Continuing the Postseason Grades series, let’s talk about Heath Hembree. Hembree also gets a grade of Incomplete – throwing only 7.2 innings in the majors will do that – but I wanted to spin him off into his own post because he should be a major part of the bullpen next year and for years to come.
Hembree was drafted in the fifth round of the 2010 draft out of College of Charleston, and since then has been perhaps the best relief prospect in the Giants system, ranking #3 in Baseball America’s top 10 Giants prospects list before the 2012 season and #7 on the same list before the 2013 season. He was invited to spring training this March and was expected to compete for a spot in the bullpen, but he wasn’t as good as advertised in Arizona and so was sent to Fresno to start the year. At the beginning of the year, lowered velocity and a poor slider led to a tough first couple months in AAA. On July 1st, he found himself with a 5.08 ERA and 16 saves in 33.2 IP.

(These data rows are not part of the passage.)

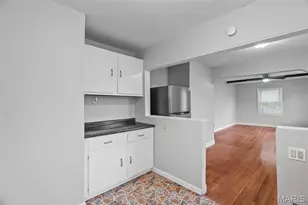 10175 Cloverdale Dr, Saint Louis, MO 63136 - Photo 15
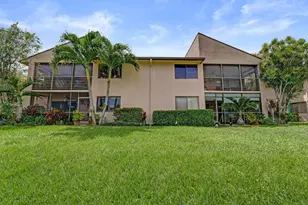 2210 SW 92nd Ter, Davie, FL 33324 - Photo 59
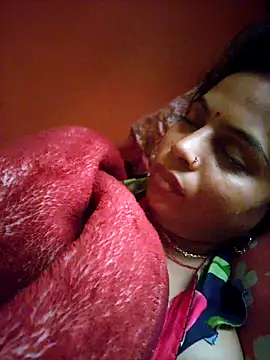 Snapshot of BusyMitt17 chatting on February 2026 01:17:02 AM BusyMitt17 online show from February 2026 01:17:02 AM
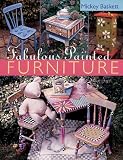 Fabulous Painted Furniture
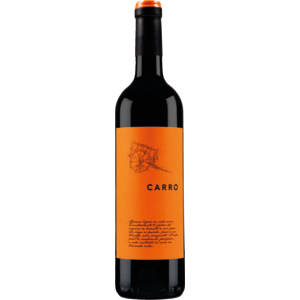 Carro Tinto Yecla DO, 75 cl Carro Tinto Yecla DO, 75 cl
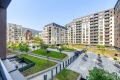Продава 2-СТАЕН, гр. София, Манастирски ливади, снимка 9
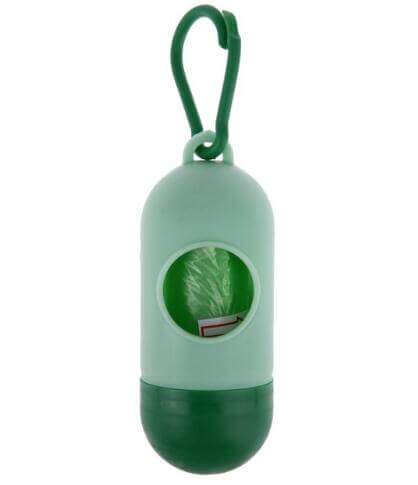 Poop Bag Dispenser eprolo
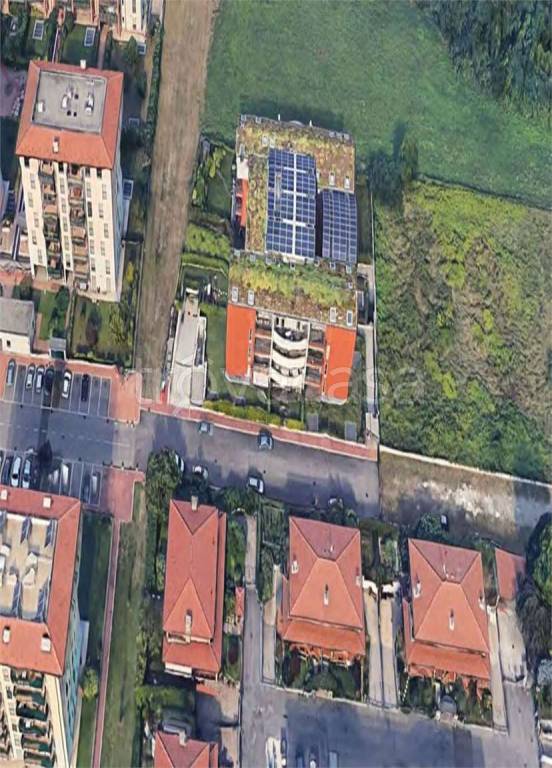 immagine annuncio 3 di 11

That’s when Hembree turned it all around. He regained some of that lost velocity and worked hard to improve his slider, and from July 1st until his call-up he had a 2.45 ERA in 22.0 IP with 15 saves, breaking the Fresno Grizzlies team saves record along the way. On other thing that changed in that time period – his luck. From the beginning of the season to July 1st, his BABIP was .340. From July 1st onward, it was .273.

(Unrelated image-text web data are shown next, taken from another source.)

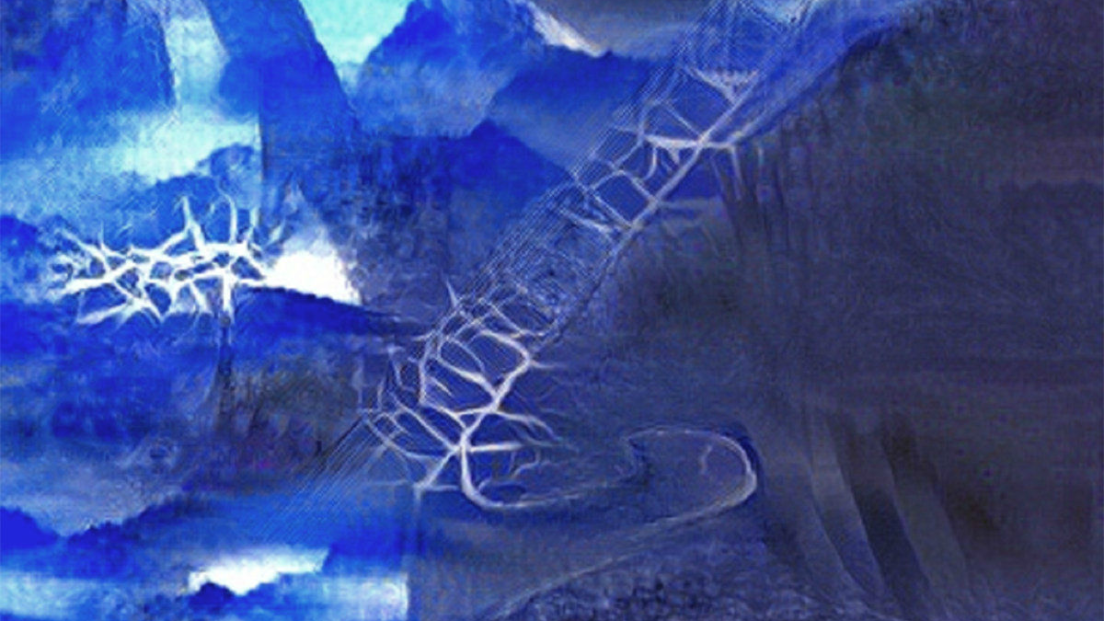 'Coditany of Timeness': il primo disco black metal composto con l’intelligenza artificiale	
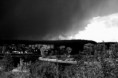 /album/lokality-a-mesta/foto053-jpg/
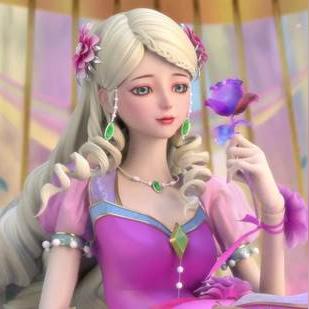 (火焰领主在第几层)探索火焰领主之怒：神秘力量的觉醒与战火的蔓延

Hembree repertoire includes a four-seam fastball that sits 92-94 mph and touches 95 with good arm-side run, which is to say the ball tails inward to a right-handed batter. He also throws the aforementioned mid-80s slider as well as a mid-80s changeup. The effectiveness of that slider-changeup combination will dictate how successful Hembree can be against lefties and righties. For example, George Kontos throws primarily just a fastball and a slider, and while Kontos is effective against righties he has struggled against lefties without an effective changeup. So while Hembree’s development of an effective slider is important and encouraging, he’ll need to use his changeup as well in order to be a true shutdown reliever and not a specialist.

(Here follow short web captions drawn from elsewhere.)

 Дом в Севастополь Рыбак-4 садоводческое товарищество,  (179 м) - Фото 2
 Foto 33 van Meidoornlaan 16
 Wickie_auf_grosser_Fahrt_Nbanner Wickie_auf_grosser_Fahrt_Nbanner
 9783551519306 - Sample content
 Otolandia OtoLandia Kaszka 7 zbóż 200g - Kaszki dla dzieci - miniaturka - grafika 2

In the past, Hembree was marketing as a “future closer” type, once groomed to take over for Brian Wilson, now the same for Sergio Romo. With the struggles of the Giants bullpen this year – Sergio Romo is the only pitcher I would call truly solid, and your mileage on Santiago Casilla may vary – Hembree could find himself in a high-leverage role pretty early next season. I expect him to start out in a 6th/7th inning role next year, but don’t be surprised to see him shutting down the eighth inning before long.